# WHAT IS NEEDED:
The expected output is the full set of entries, retyped verbatim, pictures excluded.

# Entries taken from a collection:
--------------------
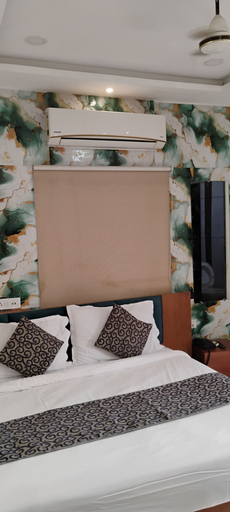 Room 3, BELLA STAYS, Indore
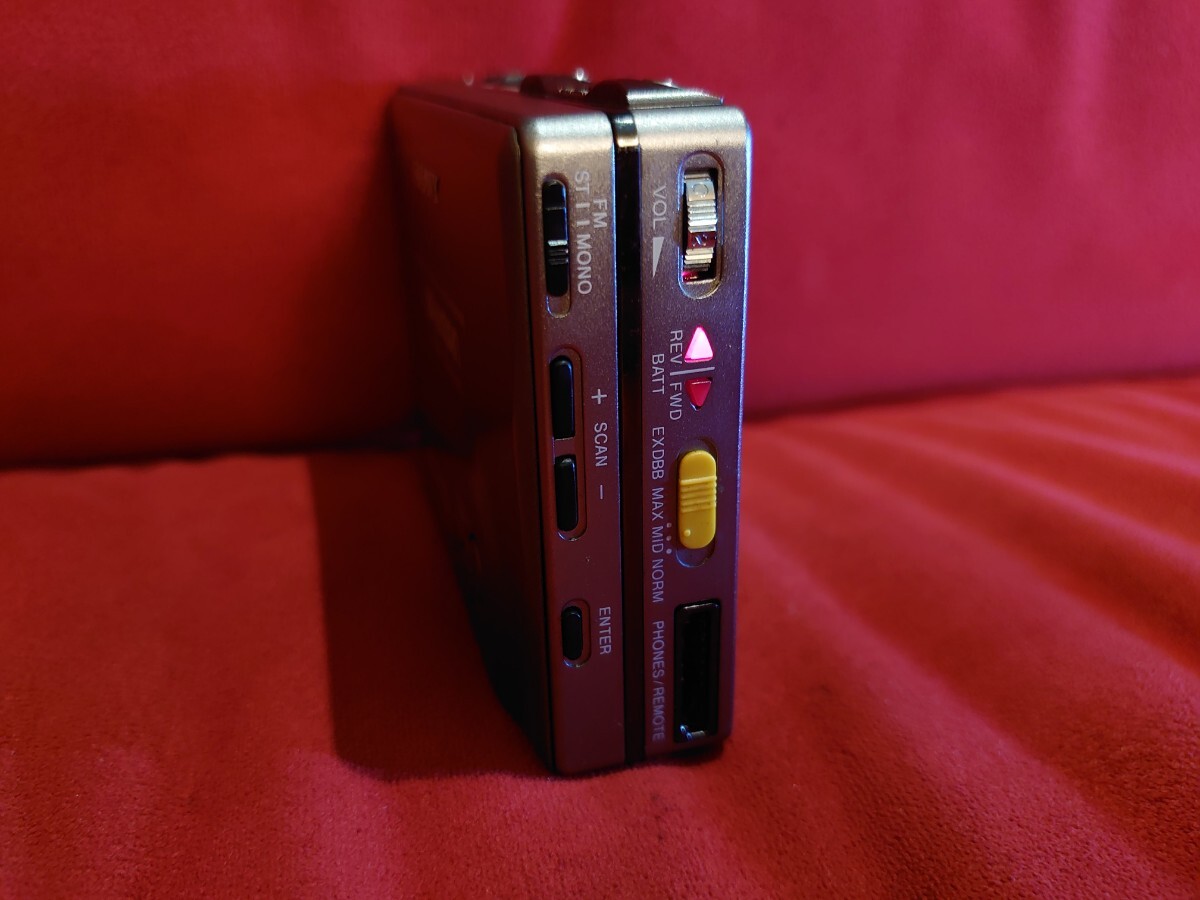 【SONY】WM-F702 WALKMAN vintage PORTABLE RADIO CASSETTE PLAYER ソニー ポータブル ラジオ カセットプレーヤー _画像4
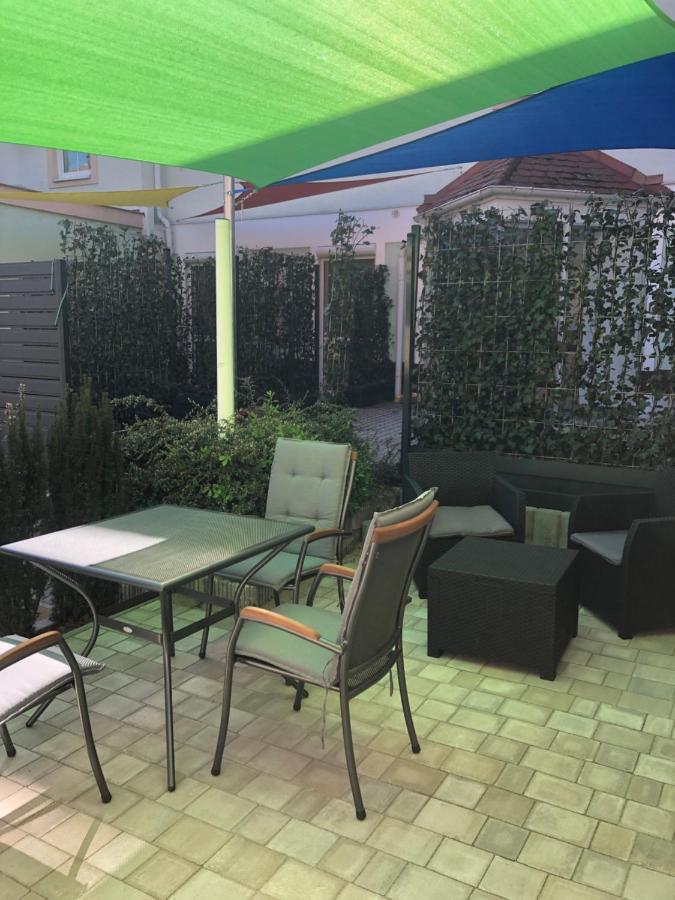 La Bella Centrum Apartmanok Piros/Sarga Heviz Exterior photo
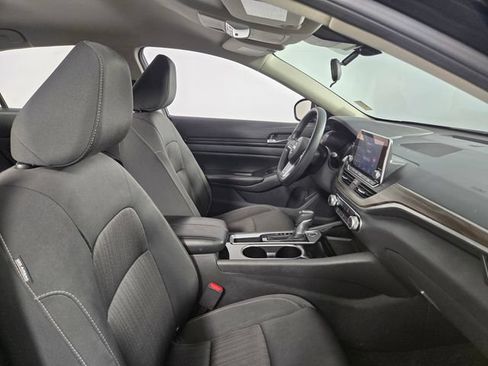 Used 2024 Nissan Altima 2.5 SV FWD image 15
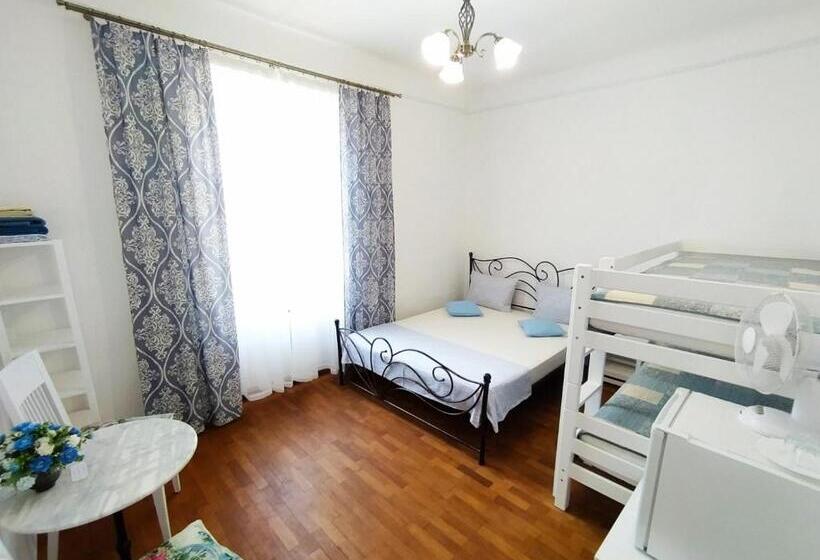 اتاق خانوادگی با سرویس بهداشتی مشترک, Hostel By Guest House Izola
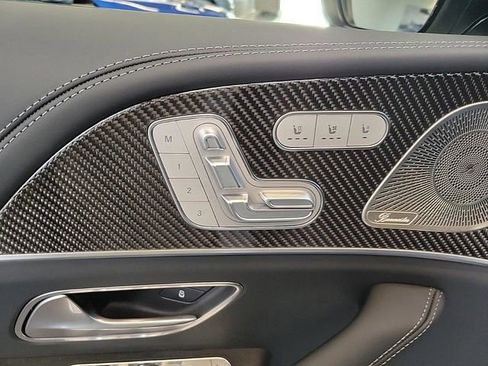 New 2025 Mercedes-Benz GLS 63 AMG 4MATIC image 21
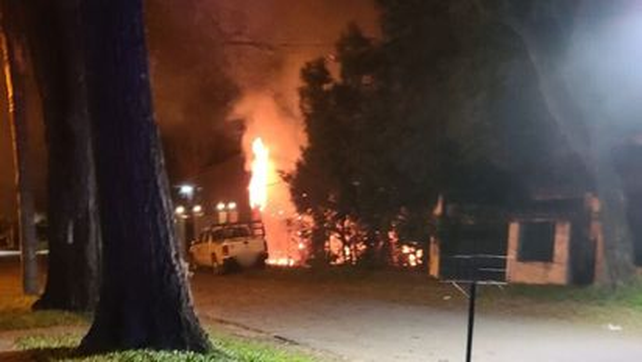 Un incendio en barrio Guadalupe afect&oacute; a un hogar de menores: el humo oblig&oacute; a evacuar a los ni&ntilde;os del Hogar Estrada.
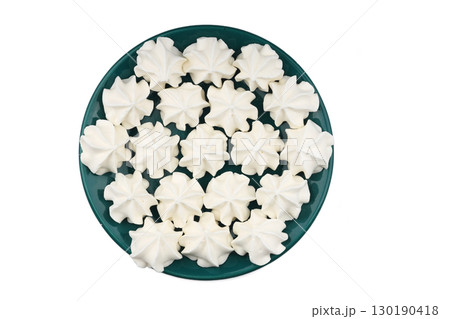 Meringue is a homemade French dessert made by mixing sugar and cooked eggs. 130190418
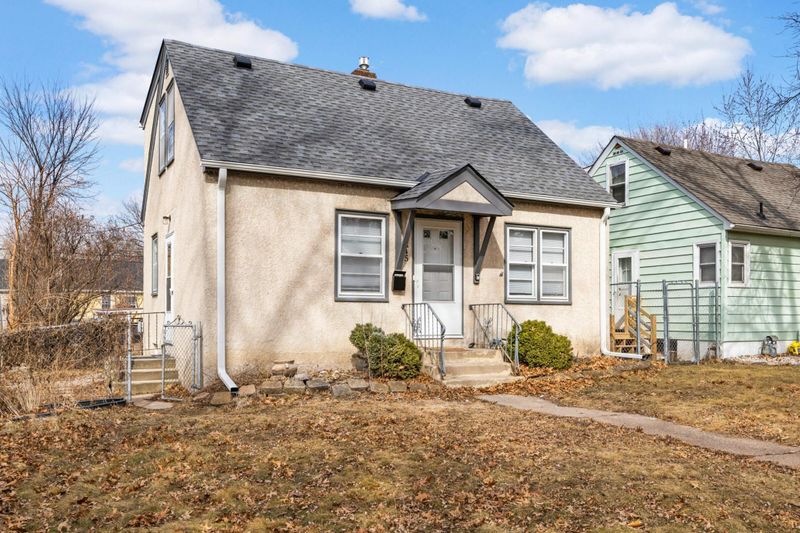 1845 Hawthorne Ave E, Saint Paul, MN 55119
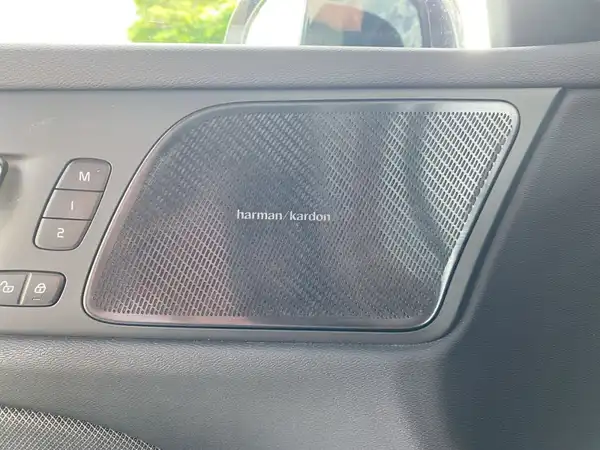 VOLVO V60 (18/22)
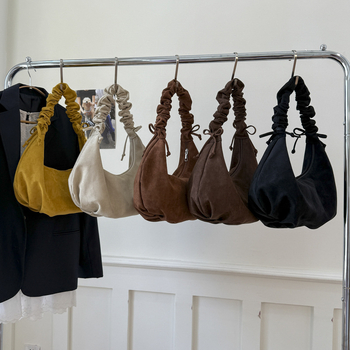 PU crossbody torba u stilu dumpling, zatvarač, poklopac, jednostruka naramenica, poliester podstava, unutarnji džep za telefon i kameru
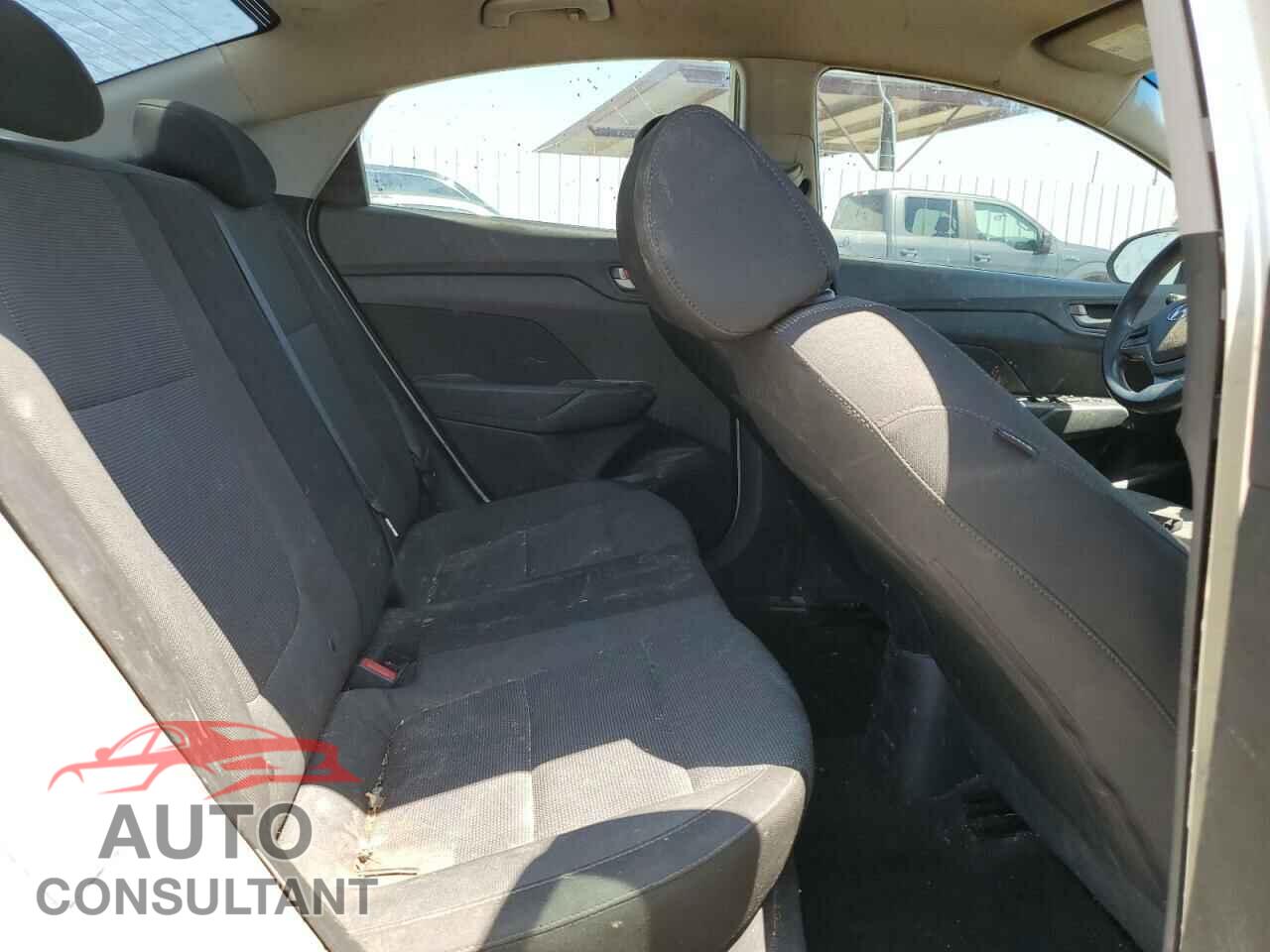 HYUNDAI ACCENT 2018 - 3KPC24A39JE006931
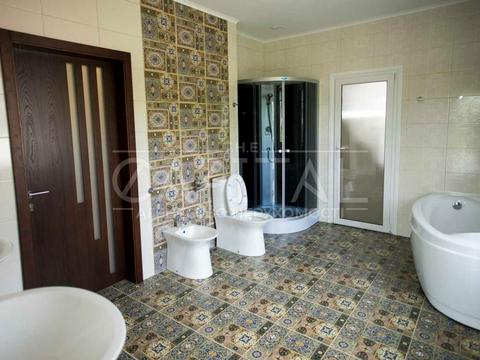 дом по адресу вул. Виноградна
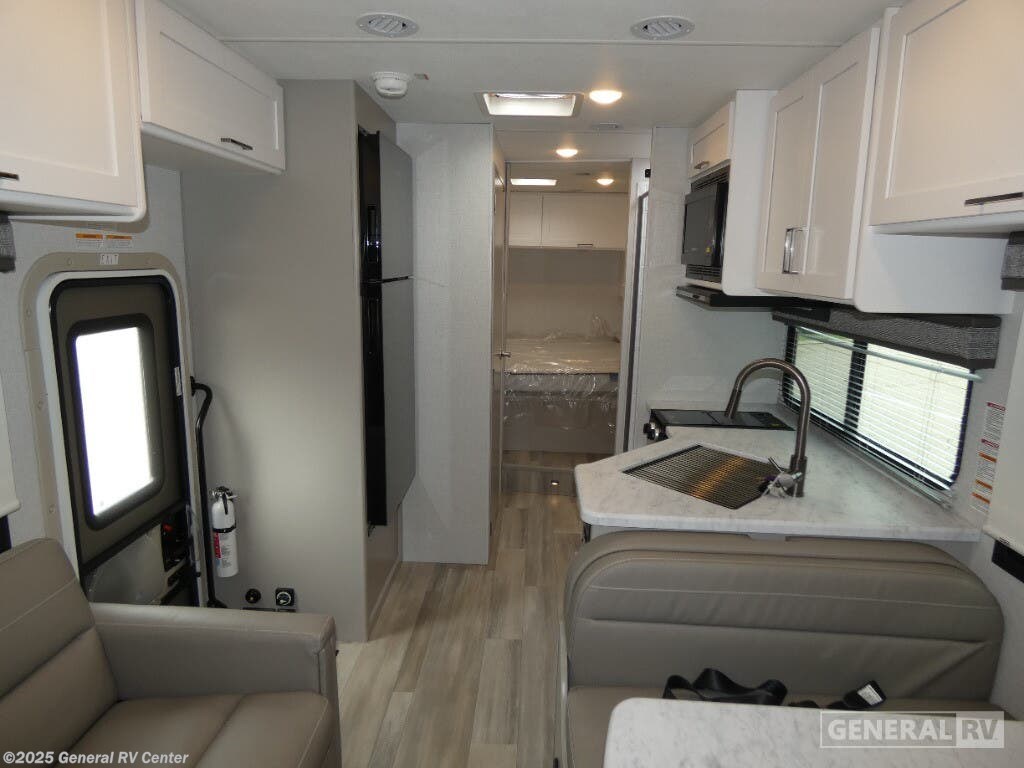 2026 Thor Motor Coach Pasadena SZ28 - New Class C For Sale by General RV Center in Dover, Florida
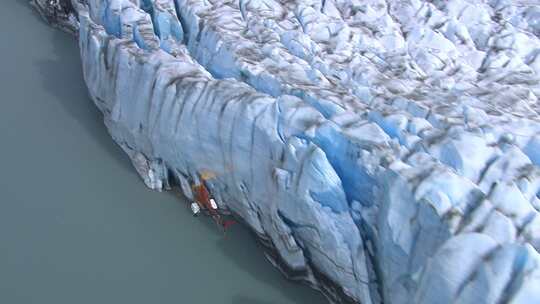 直升机飞越冰川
--------------------
# EXPECTED ANSWER:
 Room 3, BELLA STAYS, Indore
 【SONY】WM-F702 WALKMAN vintage PORTABLE RADIO CASSETTE PLAYER ソニー ポータブル ラジオ カセットプレーヤー _画像4
 La Bella Centrum Apartmanok Piros/Sarga Heviz Exterior photo
 Used 2024 Nissan Altima 2.5 SV FWD image 15
 اتاق خانوادگی با سرویس بهداشتی مشترک, Hostel By Guest House Izola
 New 2025 Mercedes-Benz GLS 63 AMG 4MATIC image 21
 Un incendio en barrio Guadalupe afect&oacute; a un hogar de menores: el humo oblig&oacute; a evacuar a los ni&ntilde;os del Hogar Estrada.
 Meringue is a homemade French dessert made by mixing sugar and cooked eggs. 130190418
 1845 Hawthorne Ave E, Saint Paul, MN 55119
 VOLVO V60 (18/22)
 PU crossbody torba u stilu dumpling, zatvarač, poklopac, jednostruka naramenica, poliester podstava, unutarnji džep za telefon i kameru
 HYUNDAI ACCENT 2018 - 3KPC24A39JE006931
 дом по адресу вул. Виноградна
 2026 Thor Motor Coach Pasadena SZ28 - New Class C For Sale by General RV Center in Dover, Florida
 直升机飞越冰川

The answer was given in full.